Thursday 17 January 2019 10:30, UK
Christmas is a busy time for retailers and online stores, and nowhere is the pressure more keenly felt than among the people ultimately responsible for ensuring your parcels arrive - the couriers.
Here, a former self-employed delivery driver tells Sky News what it's like.
Working as a self-employed courier in the run-up to Christmas meant 16 hour days with no breaks.
It meant arriving at the depot at 4.30am to sort parcels and on some days not finishing the shift until about 11.45pm.
This time last year I worked three weeks in a row without a day off.
Physically it was very hard - and negotiating your vehicle around narrow streets, with pedestrians and children to contend with, meant it was not a safe way to work.
On average I would deliver 170 parcels a day, and on my busiest I delivered 254.
But there were days when come 10pm, even though there were still parcels in the van, I would think I cannot do any more of this.
And while a lot of the customers that I knew were brilliant, I would face aggressiveness and abuse from those who expected their parcel yesterday and would see it as my fault.
Other times, you'd knock on someone's door at 9pm and get a sort of "what sort of time is this" in response.
It would often be so demanding that I would have to go home when my children got in from school and take them out with me.
Because the rounds were in a concentrated area, I could tell one to go to 28 and 29, the other to go across the street, and I would go to the next one and tell them to catch me up.
They understood the pressure of needing the income and would help as much as they could, but it was difficult.
In the three months leading up to Christmas, I would make about £9,000 - but the rest of the year I'd earn £1,000 a month, before tax and expenses.
The depot paid me for my time sorting in the morning, but otherwise it was per parcel.
For a while I had enjoyed the job - delivering, being out and about - but it was not possible to live off.
When I first started in June 2016, it was at a time when my main role was to care for my dad.

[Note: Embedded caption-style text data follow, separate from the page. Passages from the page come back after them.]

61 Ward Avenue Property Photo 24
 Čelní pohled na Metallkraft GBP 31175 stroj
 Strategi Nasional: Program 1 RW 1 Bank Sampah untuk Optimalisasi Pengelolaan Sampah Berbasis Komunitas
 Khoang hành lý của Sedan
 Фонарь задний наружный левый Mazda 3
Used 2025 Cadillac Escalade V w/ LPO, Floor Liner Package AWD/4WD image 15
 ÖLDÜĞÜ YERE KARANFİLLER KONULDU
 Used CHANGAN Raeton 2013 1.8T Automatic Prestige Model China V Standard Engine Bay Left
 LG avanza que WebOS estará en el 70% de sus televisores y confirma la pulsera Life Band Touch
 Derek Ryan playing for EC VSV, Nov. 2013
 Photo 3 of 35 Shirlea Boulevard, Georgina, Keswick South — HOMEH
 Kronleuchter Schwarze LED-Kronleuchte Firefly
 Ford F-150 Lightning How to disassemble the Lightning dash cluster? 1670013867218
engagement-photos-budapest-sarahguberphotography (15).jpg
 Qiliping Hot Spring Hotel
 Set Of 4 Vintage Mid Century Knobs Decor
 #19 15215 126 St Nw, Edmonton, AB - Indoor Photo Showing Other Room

Back then if a round came up, dad would come with me and it worked well for both of us - it was good for him to be out the house and it suited my lifestyle.
In the summer of 2017 I lost him.
At that point I was up to speed as a courier, being as efficient and productive as any courier could be, doing 15 to 20 parcels an hour.
But without dad's support, my expenses increased and it became impossible to earn a living as a single parent with three teenage daughters.
Then came the introduction of a new monitoring system, which meant you had to take photographs of where you were delivering - even down to putting the parcel through the letterbox.
It was to prove that parcels were being delivered and cover the company - for example if someone asked for something to be left in a safe place and someone then helped themselves.
But it added more time to the deliveries and I didn't earn anything more - I was losing even more time and still not earning the minimum wage.
There was meant to be a pay scale based on the size of deliveries too, but quite often parcels would be identified incorrectly.
Putting something through a letterbox is quicker than having to knock, or take it to a neighbour, but a few times I had heavy parcels of 18kg or more and would get paid the [smaller] packet-size rate.
If you found out that was happening regularly, you would rightly feel aggrieved by that.
The business needs to adapt - there is no working with the couriers.
Decisions get made and if you don't like it, there is the door.